Celso Marconi faz tocante análise entre o que se perdeu (ou deixou-se de ganhar) na adaptação do filme

Por Celso Marconi | 24.01.2020 (sexta-feira)

– texto originalmente publicado por em 6 de novembro de 2019 na página do Facebook Celso Marconi Medeiros Lins.

Esse filme é o sétimo feito pelo cineasta cearense Karim Aïnouz, A vida invisível, mas certamente é o mais conhecido pelos fatos de ter recebido o melhor prêmio na mostra Un certain régard no Festival de Cannes, de ter a presença festiva de Fernanda Montenegro, de ser o escolhido para representar o Brasil no Oscar de Melhor filme estrangeiro, entre outros pontos. Ouvi num comentário de um blog que A vida invisível tem bastante chances de chegar a ser um dos concorrentes ao Oscar porque ele foi ‘adotado’ pela Amazon e esta tem um grande (não sei o nome em inglês para dizer) estofo para trabalhos desse tipo.

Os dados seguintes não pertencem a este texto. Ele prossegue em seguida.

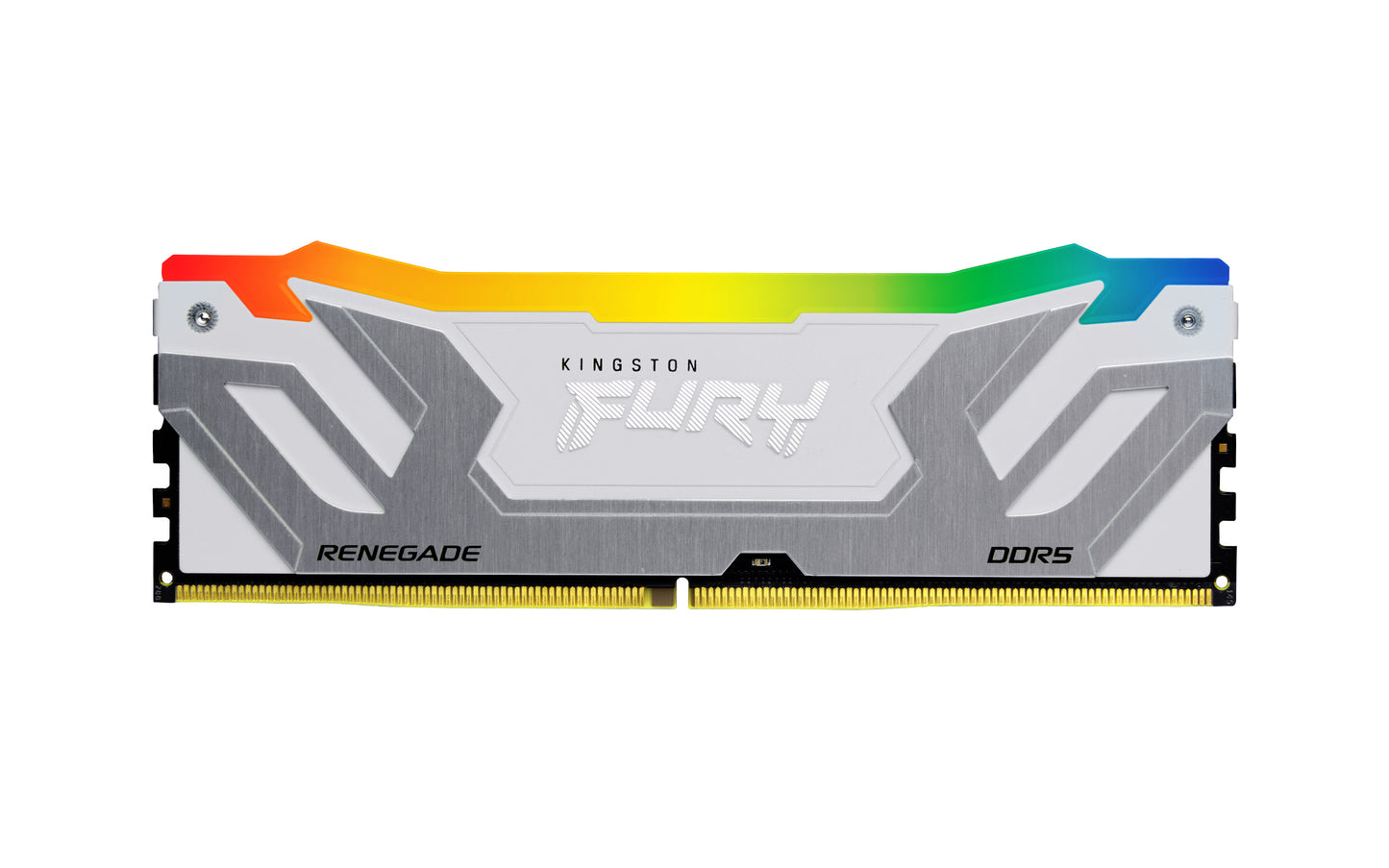 Kingston Technology FURY Renegade RGB memory module 24 GB 1 x 24 GB DDR5 8400 MT/s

Assisti A vida invisível num cinema de arte da avenida Rosa e Silva, Recife, e confesso que perdi muitos dos diálogos. Foi uma visão incompleta. E então para me compensar li o livro de Martha Batalha A vida invisível de Eurídice Gusmão. Fiquei meio tonto sem saber o que fazer. E isso porque do ponto de vista da construção estética são dois produtos quase inteiramente diferentes. E eu naturalmente me liguei muito mais ao livro.

Gosto muito do cinema de Karim Aïnouz e particularmente de O céu de Suely e também de Madame Satã. São dois melodramas sátiros. Olham a vida com um certo sarcasmo. Porém esse lado satírico não encontrei em A vida invisível. E também não encontrei uma visão do Rio de Janeiro. Ouvi numa entrevista ele elogiando a luz do filme. Fez justamente essa luz muito distante do que é e poderia ser a luz do próprio Rio de Janeiro. Ele também afirma que não quis fazer um filme realista. Mas sim um filme sublinhado por uma aura. Não consegui encontrar isso. O que me parece é que Karim ficou muito subordinado à produção e nesse aspecto a parte alemã da produção. Deixando que o filme fosse mais europeu e assim poderá agradar mais ao espectador europeu e do resto do mundo. E talvez até do Brasil. Mas deixou de lado a verdade que tem que existir numa obra de arte. E existe em seus filmes que eu conheço.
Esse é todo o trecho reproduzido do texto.